TL;DR:
- Coinbase paid a $50M fine to New York’s financial regulator and was required to invest another $50M in reforming its compliance program.
- The state of New York sued Gemini, Genesis and DCG for alleged fraud against more than 230,000 investors with losses exceeding $1 billion.
- Gemini returned more than $2.18 billion in digital assets to users and accepted a permanent ban on operating lending products in New York.
The state of New York executed two separate enforcement actions against crypto exchanges Coinbase and Gemini for alleged violations of state law. This represents one of the most aggressive uses of subnational regulatory power against top-tier crypto platforms in the state’s history.
The New York Department of Financial Services, known as NYDFS, announced on January 4, 2023, that Coinbase would pay a civil fine of $50 million after detecting serious failures in its compliance systems. The regulator also required an additional $50 million investment to remediate the program.
The deficiencies covered transaction monitoring, cybersecurity controls, and compliance with the Bank Secrecy Act and anti-money laundering regulations. By the end of 2021, the backlog of unreviewed alerts had exceeded 100,000 pending notifications. The action was resolved through a consent order, meaning the exchange chose to settle rather than contest the findings.
New York Against the Gemini Earn Ecosystem
In a separate case, Attorney General Letitia James announced a lawsuit against Gemini, Genesis Global Capital, and Digital Currency Group, accusing the three companies of having defrauded more than 230,000 investors, including at least 29,000 New York residents.
The case centered on Gemini Earn, a lending product through which customers deposited crypto assets that were then lent to Genesis. When Genesis defaulted on approximately $940 million in loans, more than 200,000 Earn users lost access to their funds. Total losses exceeded $1 billion.

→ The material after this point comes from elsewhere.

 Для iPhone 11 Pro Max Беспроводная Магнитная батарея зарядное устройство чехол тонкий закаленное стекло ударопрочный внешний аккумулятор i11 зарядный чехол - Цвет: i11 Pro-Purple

On February 28, 2024, the NYDFS issued a consent order against Gemini. On June 14 of that same year, the Attorney General confirmed that Gemini agreed to return approximately $50 million in digital assets to affected investors and accepted a ban on operating any crypto lending program in the state. By that date, the exchange had already returned more than $2.18 billion in assets to its Earn users, completing more than 97% of the required distributions, making this one of the largest fund recovery processes in the sector’s history.

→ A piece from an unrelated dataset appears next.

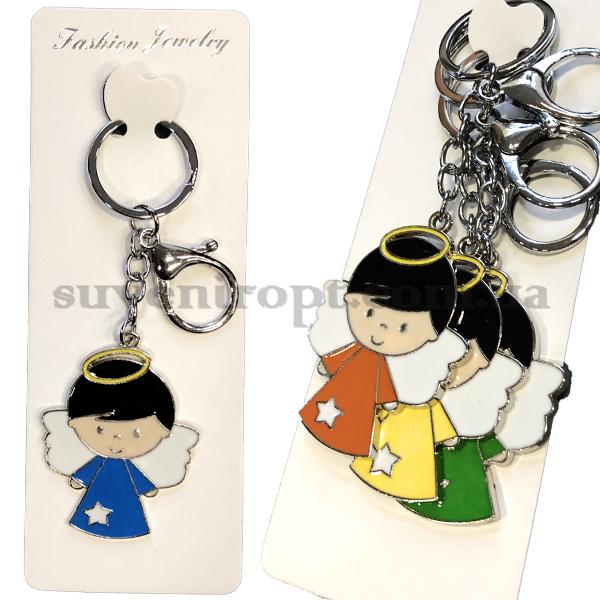 Брелок   в упаковке  металлический  ангелочек с кольцом и звёздочкой (12)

State Oversight Over the Federal
New York’s dual framework, where the NYDFS handles licensing and compliance failures while the Attorney General brings fraud charges, demonstrates that state regulators can apply existing financial laws without waiting for federal legislation.
For exchanges operating under the BitLicense regime, these cases set clear precedents: monitoring failures can lead to eight-figure fines, and lending products that expose retail users to counterparty risk are under close regulatory scrutiny and carry serious consequences. The lawsuit against Genesis and Digital Currency Group remains active, and its resolution could shape the approach other states take toward similar cases.